The approval comes despite the objection of Institutional Shareholders Services (ISS). The prominent firm, which advises shareholders on proxy matters, recommended a “no” vote, partly due to its argument that Joly’s $20 million in stock and cash wasn’t linked to any future performance goals. Best Buy officials, however, say they needed to pay Joly the package to compensate him for the money he lost when he left Carlson to join the retailer.
Joly’s appeal has been his Renew Blue strategy: Best Buy doesn’t necessarily need to re-invent the wheel so much as it needs the wheel to roll more smoothly. The retailer needs to devote more space in stores to higher-growth products and its website needs to convert more visitors to paying customers. The company’s distribution centers need to supply merchandise to both stores and online customers.

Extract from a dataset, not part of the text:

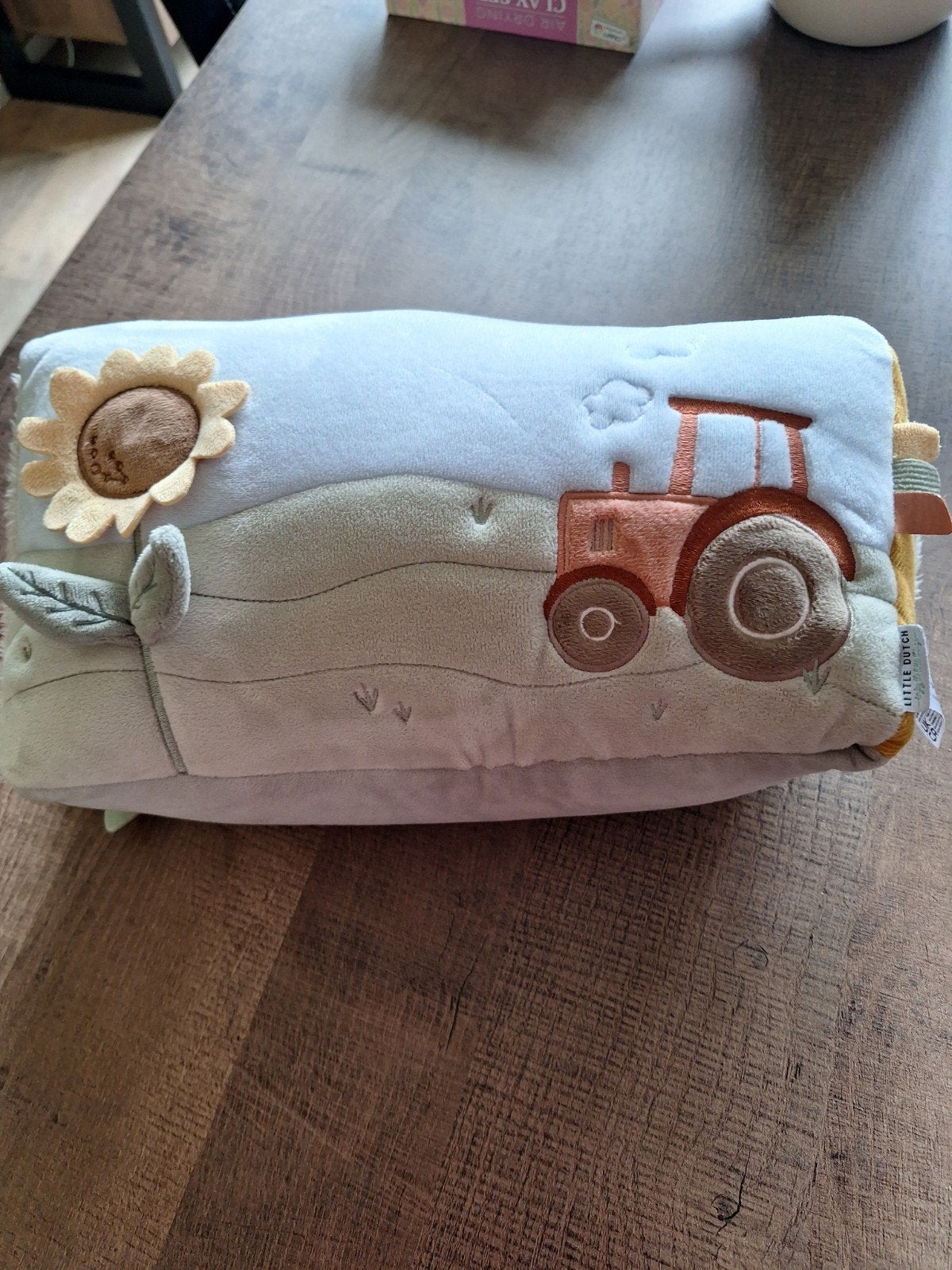 Little Dutch Farm activiteiten kussen, Kinderen en Baby's, Speelgoed | Babyspeelgoed, Ophalen of Verzenden, Zo goed als nieuw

“It sounds like common sense, but is meaningful,” Joly said.
So far, so good: Sales have stabilized, expenses are down, and the stock price has more than doubled since last December.
“Joly deserves a lot of credit for the plan they have put into place,” said Brian Yarbrough, a retail analyst with Edward Jones Investment in St. Louis. “He has done a good job training the employees and trying to understand the customer better. He has been open to shareholders, doing a good job at communicating with them.”